» **Activity**:
I need the lines from the one holding "Immunofluorescence (IF) /" to the last line of the data below repeated exactly, both included, without pictures.

Records from a dataset:
__________________________________________________

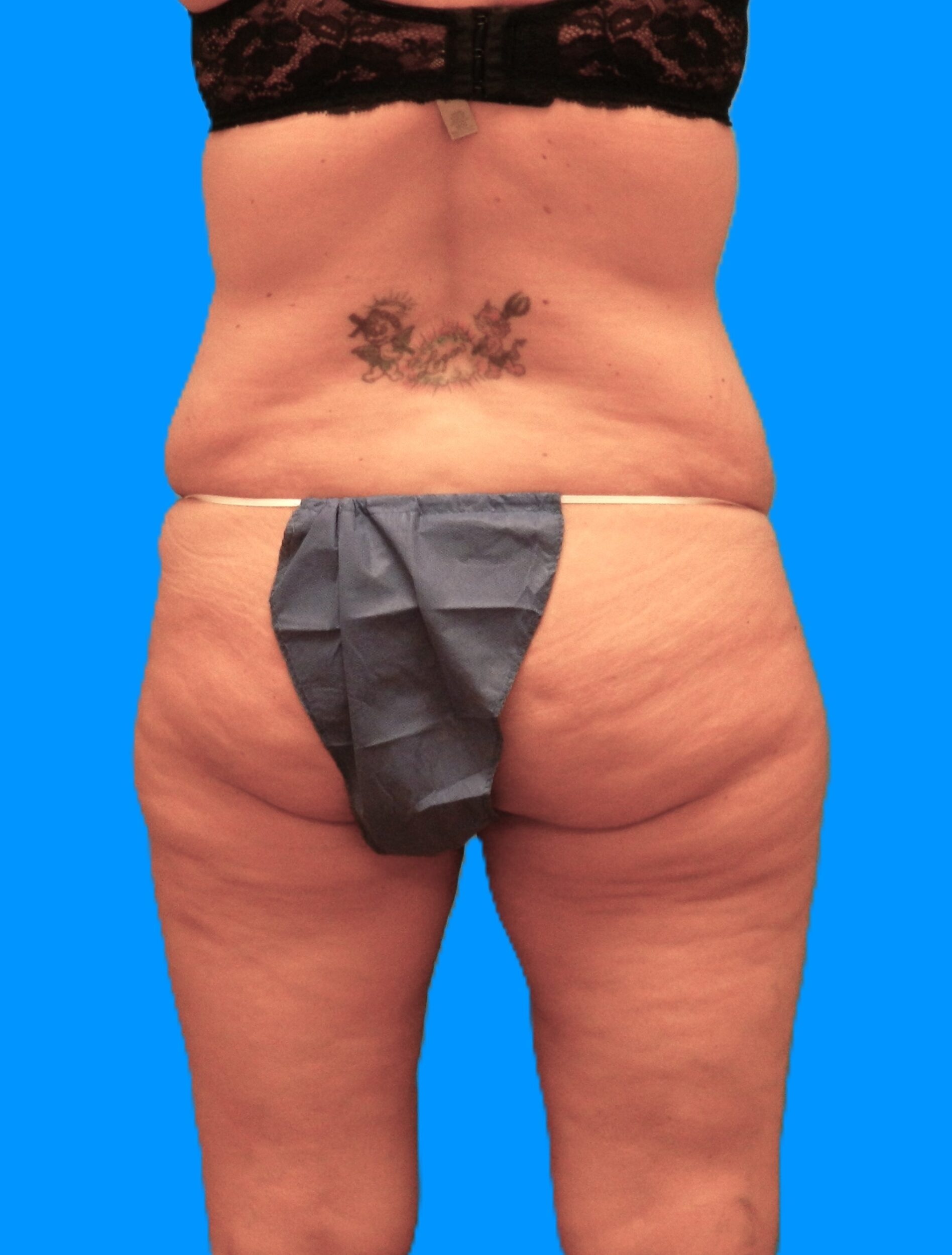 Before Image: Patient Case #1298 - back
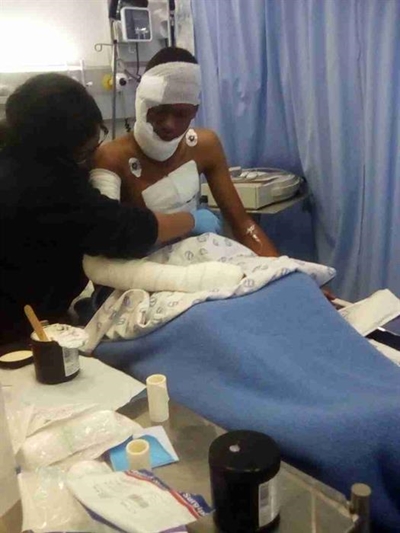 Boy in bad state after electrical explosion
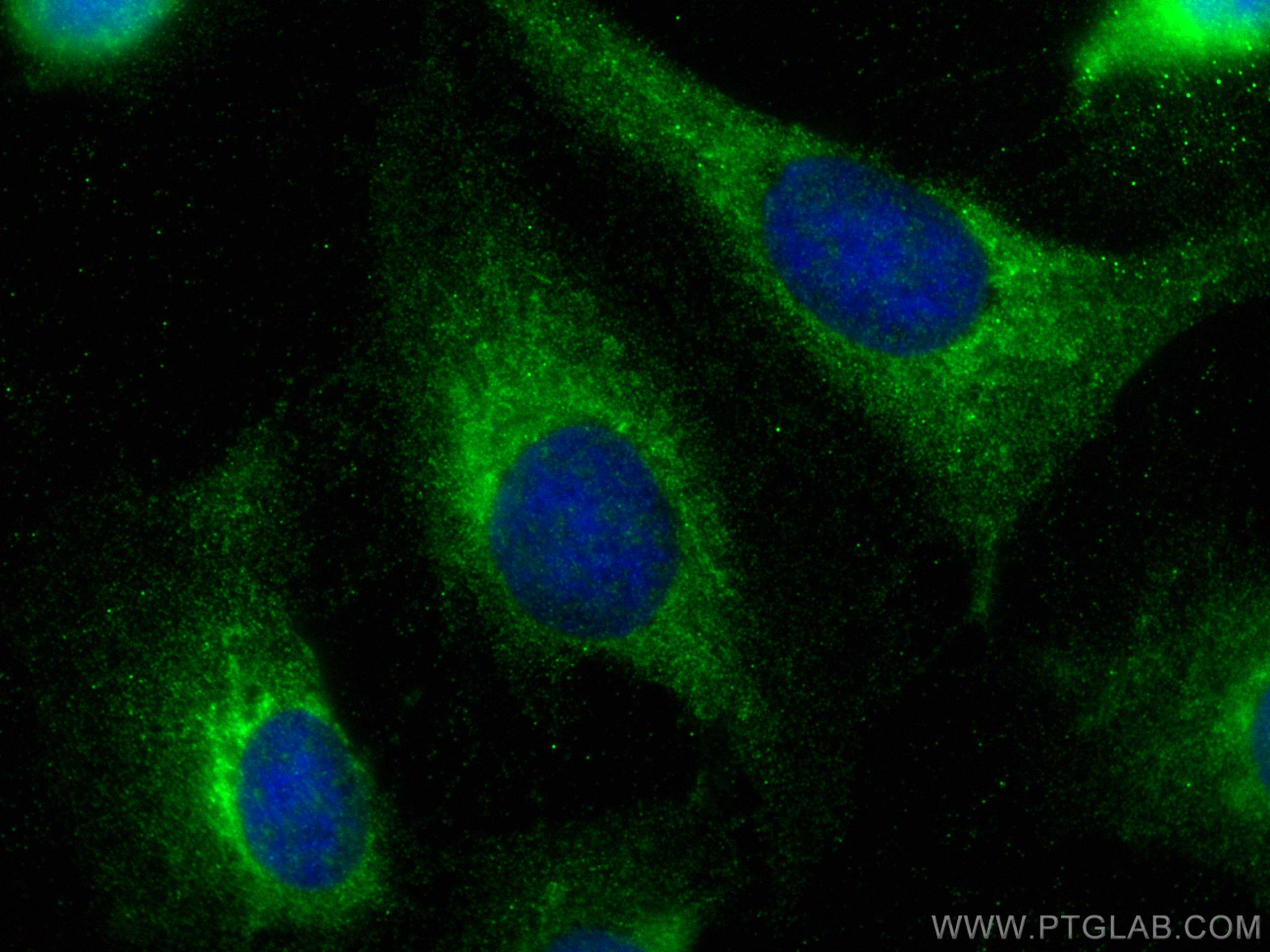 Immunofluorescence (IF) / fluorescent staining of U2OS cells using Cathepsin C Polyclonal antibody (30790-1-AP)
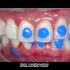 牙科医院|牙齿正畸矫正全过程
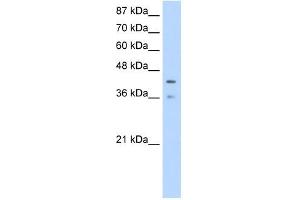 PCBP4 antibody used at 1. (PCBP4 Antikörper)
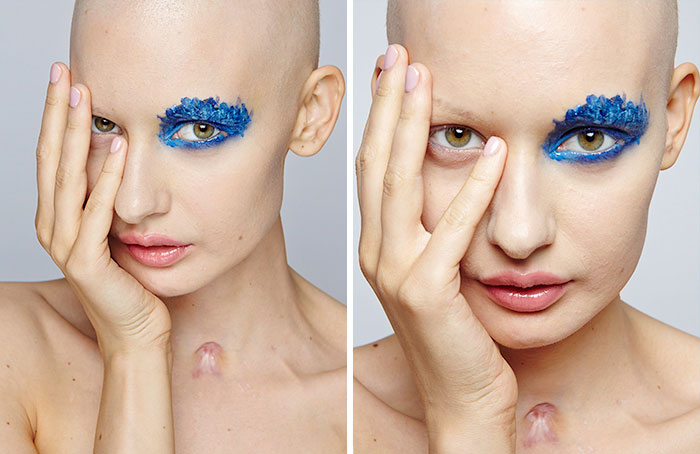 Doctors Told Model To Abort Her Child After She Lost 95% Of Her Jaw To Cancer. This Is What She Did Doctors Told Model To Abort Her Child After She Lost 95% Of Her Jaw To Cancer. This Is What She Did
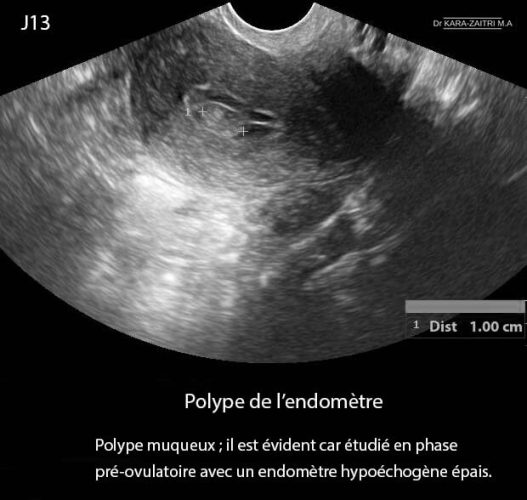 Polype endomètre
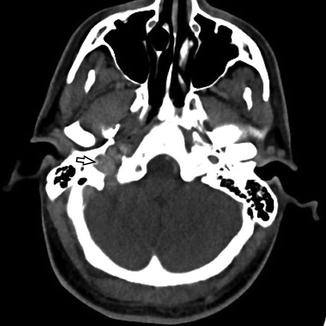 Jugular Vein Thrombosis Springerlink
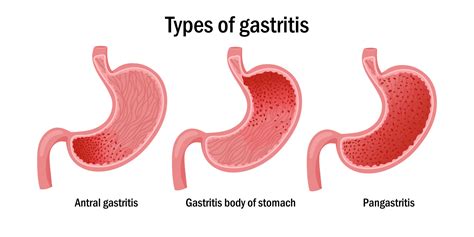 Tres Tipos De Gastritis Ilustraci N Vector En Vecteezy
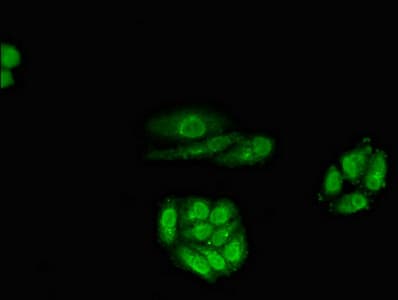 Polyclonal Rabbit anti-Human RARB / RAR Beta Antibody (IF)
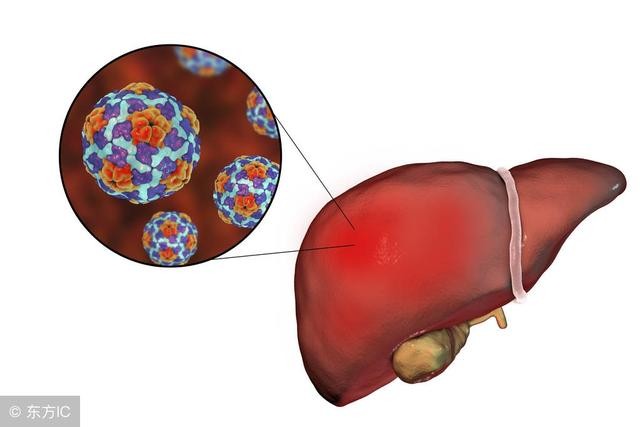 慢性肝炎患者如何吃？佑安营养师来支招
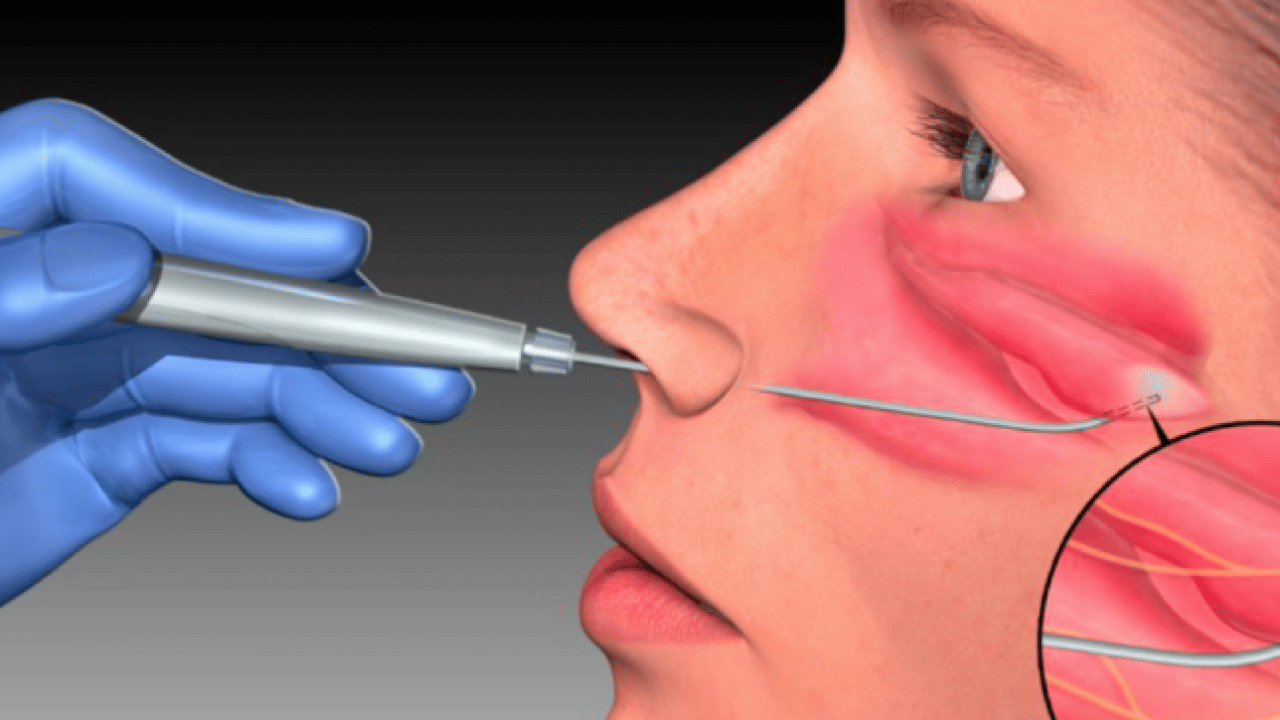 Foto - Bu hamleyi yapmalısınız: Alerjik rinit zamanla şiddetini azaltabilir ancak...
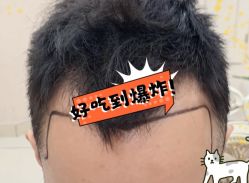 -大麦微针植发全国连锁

__________________________________________________

» **Solution to the problem**:
 Immunofluorescence (IF) / fluorescent staining of U2OS cells using Cathepsin C Polyclonal antibody (30790-1-AP)
 牙科医院|牙齿正畸矫正全过程
 PCBP4 antibody used at 1. (PCBP4 Antikörper)
 Doctors Told Model To Abort Her Child After She Lost 95% Of Her Jaw To Cancer. This Is What She Did Doctors Told Model To Abort Her Child After She Lost 95% Of Her Jaw To Cancer. This Is What She Did
 Polype endomètre
 Jugular Vein Thrombosis Springerlink
 Tres Tipos De Gastritis Ilustraci N Vector En Vecteezy
 Polyclonal Rabbit anti-Human RARB / RAR Beta Antibody (IF)
 慢性肝炎患者如何吃？佑安营养师来支招
 Foto - Bu hamleyi yapmalısınız: Alerjik rinit zamanla şiddetini azaltabilir ancak...
 -大麦微针植发全国连锁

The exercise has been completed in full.